I resonate on the deepest of levels with this narrative. 
From the shared love of food to the volatile experiences I had with my own mother - trying to carve out my existence apart from her tutelage. But her truth remained a part of me, as it did then and now that is something I am so thankful for. Holding pieces of my mother and her story and her culture so closely to my own being, guides me. 
Grief - the way that Michelle personifies grief is real and raw and I felt it to my core. The extension of wonder mixed with the overbearance of 
debilitation, that is grief. How something so unraveling becomes something you learn to walk side by side with. 
Grief never leaves you, it grows with you. 

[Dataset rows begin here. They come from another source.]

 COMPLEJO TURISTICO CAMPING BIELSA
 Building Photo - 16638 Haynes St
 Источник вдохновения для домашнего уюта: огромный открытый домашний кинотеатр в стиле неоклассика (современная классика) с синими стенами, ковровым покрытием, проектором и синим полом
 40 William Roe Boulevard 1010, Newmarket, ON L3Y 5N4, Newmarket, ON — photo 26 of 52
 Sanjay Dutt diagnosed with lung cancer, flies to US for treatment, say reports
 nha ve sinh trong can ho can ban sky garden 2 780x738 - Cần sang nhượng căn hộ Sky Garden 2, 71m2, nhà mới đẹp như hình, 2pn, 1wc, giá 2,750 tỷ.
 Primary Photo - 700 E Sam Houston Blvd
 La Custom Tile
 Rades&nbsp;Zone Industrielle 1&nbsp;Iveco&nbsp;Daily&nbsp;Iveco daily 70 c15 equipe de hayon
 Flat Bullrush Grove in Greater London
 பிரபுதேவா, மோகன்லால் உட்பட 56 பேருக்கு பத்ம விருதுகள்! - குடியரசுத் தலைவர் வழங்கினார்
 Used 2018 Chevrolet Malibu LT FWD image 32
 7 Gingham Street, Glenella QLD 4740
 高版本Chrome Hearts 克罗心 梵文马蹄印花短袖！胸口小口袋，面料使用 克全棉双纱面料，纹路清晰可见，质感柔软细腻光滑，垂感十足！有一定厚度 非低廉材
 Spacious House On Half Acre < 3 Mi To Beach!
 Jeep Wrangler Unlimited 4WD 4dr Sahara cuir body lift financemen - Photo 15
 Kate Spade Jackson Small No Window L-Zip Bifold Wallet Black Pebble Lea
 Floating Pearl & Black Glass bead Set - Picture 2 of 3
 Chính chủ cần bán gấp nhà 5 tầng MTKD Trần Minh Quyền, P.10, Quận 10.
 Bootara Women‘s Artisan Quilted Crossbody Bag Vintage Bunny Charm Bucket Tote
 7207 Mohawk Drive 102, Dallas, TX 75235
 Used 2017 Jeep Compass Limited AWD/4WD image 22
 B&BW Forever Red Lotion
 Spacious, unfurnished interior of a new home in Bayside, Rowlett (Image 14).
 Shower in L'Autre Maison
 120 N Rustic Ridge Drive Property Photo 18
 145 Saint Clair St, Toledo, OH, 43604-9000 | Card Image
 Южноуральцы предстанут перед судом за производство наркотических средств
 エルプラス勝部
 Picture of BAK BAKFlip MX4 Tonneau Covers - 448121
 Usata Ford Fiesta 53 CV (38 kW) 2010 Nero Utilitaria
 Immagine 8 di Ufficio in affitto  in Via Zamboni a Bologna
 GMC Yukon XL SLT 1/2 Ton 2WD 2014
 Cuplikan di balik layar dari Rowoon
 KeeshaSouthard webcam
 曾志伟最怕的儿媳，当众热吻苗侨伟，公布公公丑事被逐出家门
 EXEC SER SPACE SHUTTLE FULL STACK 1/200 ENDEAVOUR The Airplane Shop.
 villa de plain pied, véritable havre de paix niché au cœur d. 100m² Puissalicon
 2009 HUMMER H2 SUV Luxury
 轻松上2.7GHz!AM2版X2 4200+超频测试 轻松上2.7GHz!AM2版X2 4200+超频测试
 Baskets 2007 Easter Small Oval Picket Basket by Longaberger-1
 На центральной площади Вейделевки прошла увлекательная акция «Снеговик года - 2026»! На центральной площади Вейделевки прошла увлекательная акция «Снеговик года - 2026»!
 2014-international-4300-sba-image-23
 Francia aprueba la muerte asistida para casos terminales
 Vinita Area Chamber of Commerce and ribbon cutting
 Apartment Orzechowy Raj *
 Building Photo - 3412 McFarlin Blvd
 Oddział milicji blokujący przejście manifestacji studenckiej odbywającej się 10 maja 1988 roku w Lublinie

1 am someone who knows grief well. We often meet in random alley's of my own memories, some memories that warrants griefs presence, even extends an invitation and some that do not, yet grief greets me. We're accommodated to each others presence now, conversing naturally and letting memories take their course and present moments have their way with us both. I recently told a friend that it's been hard, this read. ...but also a good release of grief that sometimes get lost in the cracks of growth and healing. ironically, grief is as much a strength as it is a hinderance or painful reminder of what was and what is not.

It is a reminder of humanity. Of the fealty of this body and this life. And for me - it points me back to the The Lord, which is why I think it's the hardest to read because I wonder where her grief points her. And that is the question I am left with. Grief needs something to hold on to, it can symbiotic or parasitic. I think I will sit with this story for a long time and hope for the best. Because grief and hope can too, coexist. I am the lived reality of that truth. 
A beautiful book. A heart wrenching and gripping narrative. And an honor to be invited in to sit in your words Michelle.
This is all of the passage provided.